Set down each line of the data below exactly.

Scraped caption text data:
━━━

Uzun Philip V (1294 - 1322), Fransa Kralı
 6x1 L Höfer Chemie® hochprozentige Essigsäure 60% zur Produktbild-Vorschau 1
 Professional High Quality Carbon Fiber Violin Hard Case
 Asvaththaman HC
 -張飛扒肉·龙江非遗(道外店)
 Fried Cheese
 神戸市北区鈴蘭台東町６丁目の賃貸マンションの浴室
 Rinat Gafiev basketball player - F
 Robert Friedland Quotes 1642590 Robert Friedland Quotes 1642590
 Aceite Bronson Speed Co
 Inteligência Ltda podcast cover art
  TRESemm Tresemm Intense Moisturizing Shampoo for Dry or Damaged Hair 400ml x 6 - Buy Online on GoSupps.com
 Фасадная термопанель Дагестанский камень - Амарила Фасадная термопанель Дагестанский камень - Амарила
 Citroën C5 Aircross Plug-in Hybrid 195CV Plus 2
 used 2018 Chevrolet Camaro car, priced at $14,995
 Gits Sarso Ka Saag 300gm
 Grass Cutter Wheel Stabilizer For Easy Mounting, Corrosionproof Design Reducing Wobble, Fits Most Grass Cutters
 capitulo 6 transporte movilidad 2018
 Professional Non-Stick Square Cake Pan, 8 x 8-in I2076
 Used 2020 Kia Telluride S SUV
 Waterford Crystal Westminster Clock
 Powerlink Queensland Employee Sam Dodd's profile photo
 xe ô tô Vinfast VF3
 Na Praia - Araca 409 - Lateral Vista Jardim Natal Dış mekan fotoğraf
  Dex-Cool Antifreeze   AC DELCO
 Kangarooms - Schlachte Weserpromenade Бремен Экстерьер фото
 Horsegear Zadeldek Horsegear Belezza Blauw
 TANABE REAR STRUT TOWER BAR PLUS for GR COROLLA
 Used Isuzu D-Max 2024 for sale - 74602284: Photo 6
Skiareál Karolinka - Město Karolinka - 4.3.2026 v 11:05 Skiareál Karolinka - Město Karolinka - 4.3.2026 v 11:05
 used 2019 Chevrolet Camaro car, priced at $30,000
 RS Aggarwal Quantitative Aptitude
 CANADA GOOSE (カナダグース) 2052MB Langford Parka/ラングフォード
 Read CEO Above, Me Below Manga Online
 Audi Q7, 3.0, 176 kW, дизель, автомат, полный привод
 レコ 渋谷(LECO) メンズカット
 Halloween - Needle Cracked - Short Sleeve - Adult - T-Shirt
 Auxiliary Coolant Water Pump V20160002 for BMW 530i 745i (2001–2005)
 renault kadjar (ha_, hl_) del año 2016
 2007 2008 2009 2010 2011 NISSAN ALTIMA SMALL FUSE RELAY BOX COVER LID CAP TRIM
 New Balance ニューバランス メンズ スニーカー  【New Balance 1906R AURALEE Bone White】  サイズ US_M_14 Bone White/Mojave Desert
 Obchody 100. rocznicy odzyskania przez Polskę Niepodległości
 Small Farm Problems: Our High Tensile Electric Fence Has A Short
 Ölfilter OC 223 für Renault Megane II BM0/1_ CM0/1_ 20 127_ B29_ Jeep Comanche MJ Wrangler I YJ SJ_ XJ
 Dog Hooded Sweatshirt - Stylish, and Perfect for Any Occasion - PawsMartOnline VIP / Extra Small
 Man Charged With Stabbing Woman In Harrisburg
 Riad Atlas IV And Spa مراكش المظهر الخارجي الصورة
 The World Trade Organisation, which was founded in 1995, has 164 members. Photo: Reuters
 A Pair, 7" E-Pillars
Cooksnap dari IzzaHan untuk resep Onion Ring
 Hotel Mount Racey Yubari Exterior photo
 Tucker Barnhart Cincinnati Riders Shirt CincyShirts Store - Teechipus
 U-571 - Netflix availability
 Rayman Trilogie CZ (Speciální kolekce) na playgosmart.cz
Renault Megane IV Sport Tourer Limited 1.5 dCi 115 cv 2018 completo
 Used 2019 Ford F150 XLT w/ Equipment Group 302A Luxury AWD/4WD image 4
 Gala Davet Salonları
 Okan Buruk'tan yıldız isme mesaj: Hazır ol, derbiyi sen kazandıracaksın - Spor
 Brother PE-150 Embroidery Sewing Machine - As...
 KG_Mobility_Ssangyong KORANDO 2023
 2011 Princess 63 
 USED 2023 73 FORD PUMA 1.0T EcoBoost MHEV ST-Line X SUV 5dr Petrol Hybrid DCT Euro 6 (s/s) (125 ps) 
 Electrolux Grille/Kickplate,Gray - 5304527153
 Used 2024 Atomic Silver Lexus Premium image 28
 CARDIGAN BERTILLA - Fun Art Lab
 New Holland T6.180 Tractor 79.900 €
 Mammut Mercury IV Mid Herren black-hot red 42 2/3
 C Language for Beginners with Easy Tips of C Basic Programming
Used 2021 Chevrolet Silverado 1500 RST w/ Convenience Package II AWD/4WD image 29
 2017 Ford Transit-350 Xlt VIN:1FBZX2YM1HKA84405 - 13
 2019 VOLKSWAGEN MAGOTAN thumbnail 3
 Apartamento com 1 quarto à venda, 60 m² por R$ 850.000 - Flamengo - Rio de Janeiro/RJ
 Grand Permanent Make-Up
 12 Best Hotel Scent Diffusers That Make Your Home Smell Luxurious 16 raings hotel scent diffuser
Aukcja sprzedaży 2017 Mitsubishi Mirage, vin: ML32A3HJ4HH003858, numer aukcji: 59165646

━━━

▶ [Your solution]:
Uzun Philip V (1294 - 1322), Fransa Kralı
 6x1 L Höfer Chemie® hochprozentige Essigsäure 60% zur Produktbild-Vorschau 1
 Professional High Quality Carbon Fiber Violin Hard Case
 Asvaththaman HC
 -張飛扒肉·龙江非遗(道外店)
 Fried Cheese
 神戸市北区鈴蘭台東町６丁目の賃貸マンションの浴室
 Rinat Gafiev basketball player - F
 Robert Friedland Quotes 1642590 Robert Friedland Quotes 1642590
 Aceite Bronson Speed Co
 Inteligência Ltda podcast cover art
  TRESemm Tresemm Intense Moisturizing Shampoo for Dry or Damaged Hair 400ml x 6 - Buy Online on GoSupps.com
 Фасадная термопанель Дагестанский камень - Амарила Фасадная термопанель Дагестанский камень - Амарила
 Citroën C5 Aircross Plug-in Hybrid 195CV Plus 2
 used 2018 Chevrolet Camaro car, priced at $14,995
 Gits Sarso Ka Saag 300gm
 Grass Cutter Wheel Stabilizer For Easy Mounting, Corrosionproof Design Reducing Wobble, Fits Most Grass Cutters
 capitulo 6 transporte movilidad 2018
 Professional Non-Stick Square Cake Pan, 8 x 8-in I2076
 Used 2020 Kia Telluride S SUV
 Waterford Crystal Westminster Clock
 Powerlink Queensland Employee Sam Dodd's profile photo
 xe ô tô Vinfast VF3
 Na Praia - Araca 409 - Lateral Vista Jardim Natal Dış mekan fotoğraf
  Dex-Cool Antifreeze   AC DELCO
 Kangarooms - Schlachte Weserpromenade Бремен Экстерьер фото
 Horsegear Zadeldek Horsegear Belezza Blauw
 TANABE REAR STRUT TOWER BAR PLUS for GR COROLLA
 Used Isuzu D-Max 2024 for sale - 74602284: Photo 6
Skiareál Karolinka - Město Karolinka - 4.3.2026 v 11:05 Skiareál Karolinka - Město Karolinka - 4.3.2026 v 11:05
 used 2019 Chevrolet Camaro car, priced at $30,000
 RS Aggarwal Quantitative Aptitude
 CANADA GOOSE (カナダグース) 2052MB Langford Parka/ラングフォード
 Read CEO Above, Me Below Manga Online
 Audi Q7, 3.0, 176 kW, дизель, автомат, полный привод
 レコ 渋谷(LECO) メンズカット
 Halloween - Needle Cracked - Short Sleeve - Adult - T-Shirt
 Auxiliary Coolant Water Pump V20160002 for BMW 530i 745i (2001–2005)
 renault kadjar (ha_, hl_) del año 2016
 2007 2008 2009 2010 2011 NISSAN ALTIMA SMALL FUSE RELAY BOX COVER LID CAP TRIM
 New Balance ニューバランス メンズ スニーカー  【New Balance 1906R AURALEE Bone White】  サイズ US_M_14 Bone White/Mojave Desert
 Obchody 100. rocznicy odzyskania przez Polskę Niepodległości
 Small Farm Problems: Our High Tensile Electric Fence Has A Short
 Ölfilter OC 223 für Renault Megane II BM0/1_ CM0/1_ 20 127_ B29_ Jeep Comanche MJ Wrangler I YJ SJ_ XJ
 Dog Hooded Sweatshirt - Stylish, and Perfect for Any Occasion - PawsMartOnline VIP / Extra Small
 Man Charged With Stabbing Woman In Harrisburg
 Riad Atlas IV And Spa مراكش المظهر الخارجي الصورة
 The World Trade Organisation, which was founded in 1995, has 164 members. Photo: Reuters
 A Pair, 7" E-Pillars
Cooksnap dari IzzaHan untuk resep Onion Ring
 Hotel Mount Racey Yubari Exterior photo
 Tucker Barnhart Cincinnati Riders Shirt CincyShirts Store - Teechipus
 U-571 - Netflix availability
 Rayman Trilogie CZ (Speciální kolekce) na playgosmart.cz
Renault Megane IV Sport Tourer Limited 1.5 dCi 115 cv 2018 completo
 Used 2019 Ford F150 XLT w/ Equipment Group 302A Luxury AWD/4WD image 4
 Gala Davet Salonları
 Okan Buruk'tan yıldız isme mesaj: Hazır ol, derbiyi sen kazandıracaksın - Spor
 Brother PE-150 Embroidery Sewing Machine - As...
 KG_Mobility_Ssangyong KORANDO 2023
 2011 Princess 63 
 USED 2023 73 FORD PUMA 1.0T EcoBoost MHEV ST-Line X SUV 5dr Petrol Hybrid DCT Euro 6 (s/s) (125 ps) 
 Electrolux Grille/Kickplate,Gray - 5304527153
 Used 2024 Atomic Silver Lexus Premium image 28
 CARDIGAN BERTILLA - Fun Art Lab
 New Holland T6.180 Tractor 79.900 €
 Mammut Mercury IV Mid Herren black-hot red 42 2/3
 C Language for Beginners with Easy Tips of C Basic Programming
Used 2021 Chevrolet Silverado 1500 RST w/ Convenience Package II AWD/4WD image 29
 2017 Ford Transit-350 Xlt VIN:1FBZX2YM1HKA84405 - 13
 2019 VOLKSWAGEN MAGOTAN thumbnail 3
 Apartamento com 1 quarto à venda, 60 m² por R$ 850.000 - Flamengo - Rio de Janeiro/RJ
 Grand Permanent Make-Up
 12 Best Hotel Scent Diffusers That Make Your Home Smell Luxurious 16 raings hotel scent diffuser
Aukcja sprzedaży 2017 Mitsubishi Mirage, vin: ML32A3HJ4HH003858, numer aukcji: 59165646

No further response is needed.